Bacterial infection deadly for cystic fibrosis patients
Through a partnership with Conquer Cystic Fibrosis, we have recently awarded funding to Dr Anna Tai who is part of the Cystic Fibrosis and Bronchiectisis Unit as well as a Respiratory Consultant for Sir Charles Gairdner Hospital.
Cystic Fibrosis (CF) is a genetic condition where there is an abnormality of the mucous glands, therefore causing a thickening of the mucus – this causes a build-up in the lungs and other organs creating blockage of the airways and impairing breathing.
People with CF need to undergo constant treatment in order to remove the excess mucus from their lungs.

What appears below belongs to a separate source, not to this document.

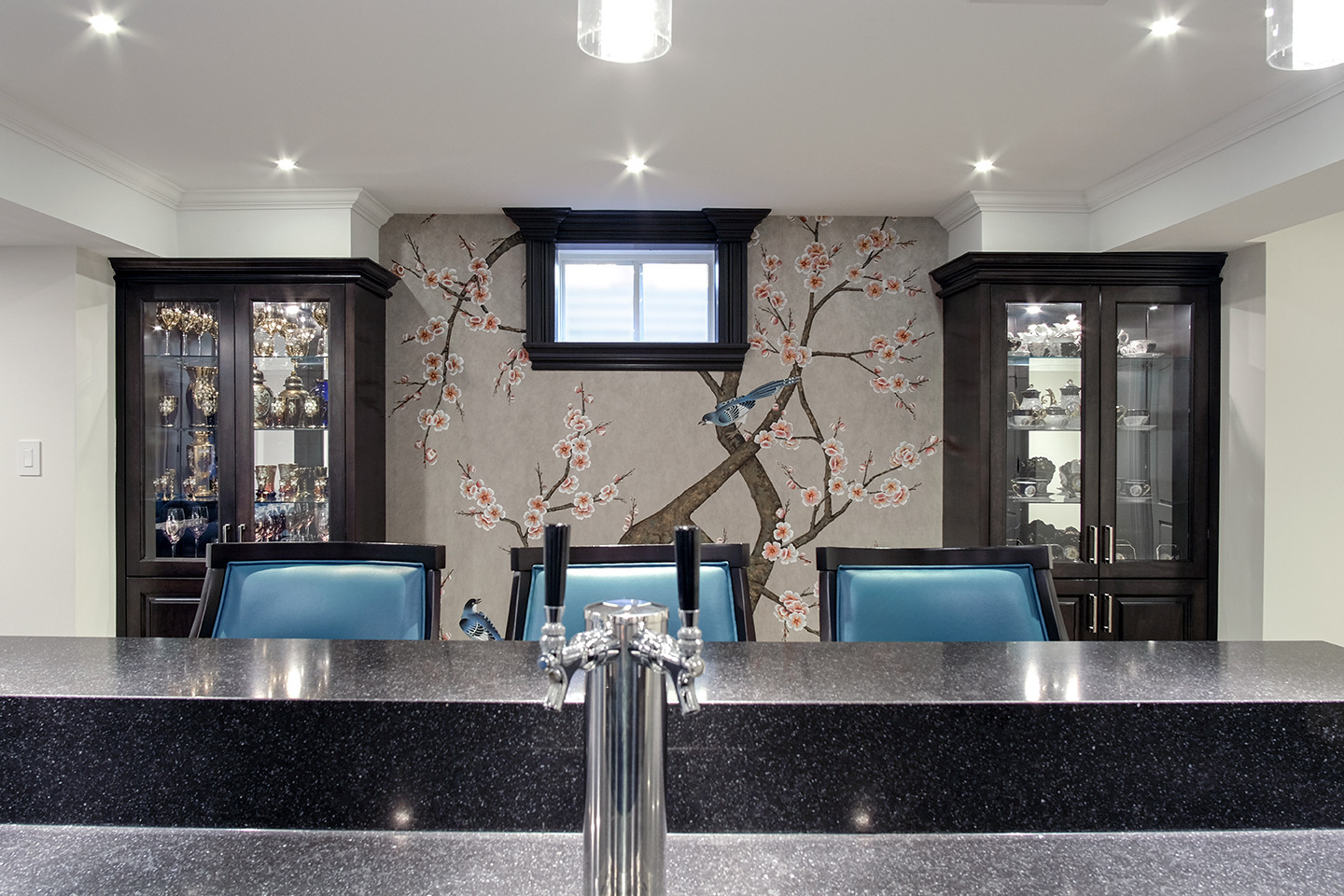 Home bar with patterned feature wall, lit glass shelving and blue leather stools — Burrowhill basement, Studio Kimi Mississauga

The stress placed on the lungs results in irreversible damage and regular infections. 1 in 25 Australians carry the CF gene.

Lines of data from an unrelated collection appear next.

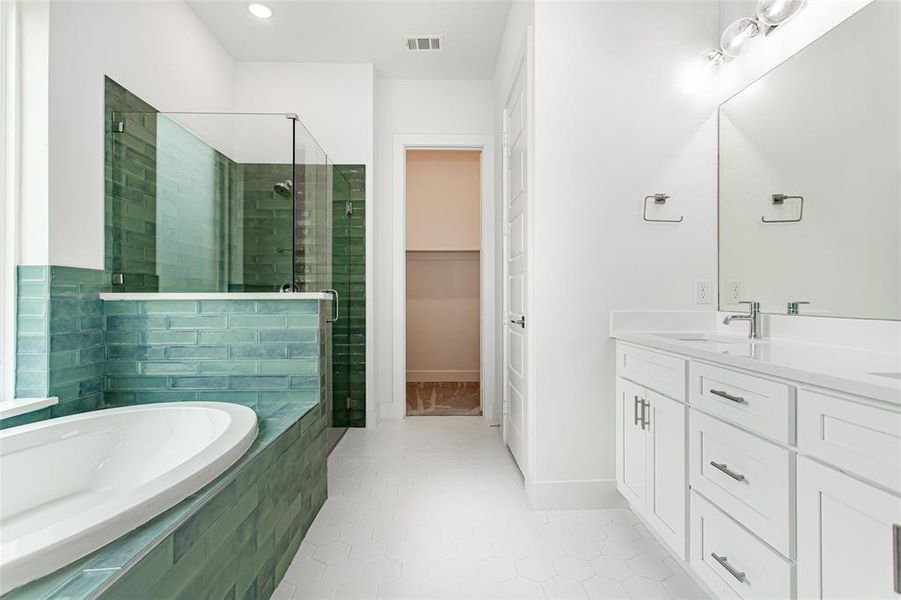 Bathroom featuring vanity, separate shower and tub, and tile patterned flooring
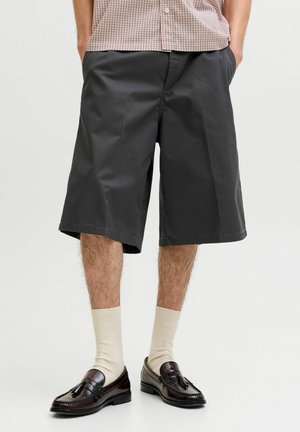 Mężczyzna w luźnych czarnych spodenkach do kolan, beżowych skarpetkach, ciemnobrązowych mokasynach z frędzlami oraz w kraciastej koszuli zapinanej na guziki, z rękami w kieszeniach.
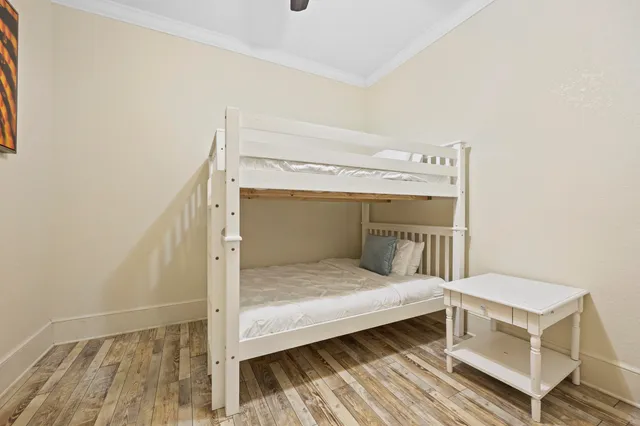 a living room with furniture kitchen view and a wooden floor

Dr Tai received the funding for a number of projects centred around clostridium difficile (C.diff) and the effects this has on cystic fibrosis (CF) patients, particularly patients in hospital.
C.diff is a bacteria that attacks the stomach and bowel and can have serious consequences for CF patients who are in hospital and have a low immune system
CF patients who have an intense hospitalisation and antibiotic treatment requirement are of particular risk, especially for patients who have undergone a transplant.
As little research has been carried out in Australia, Dr Tai aims to investigate:
- How many CF patients present with C.diff when in hospital
- The impact of antibiotic related diarrhea
- The possible use of probiotics against C.dif.
The partnership between the Institute and Conquer Cystic Fibrosis allows funds raised by the volunteer-run charity to stay in WA.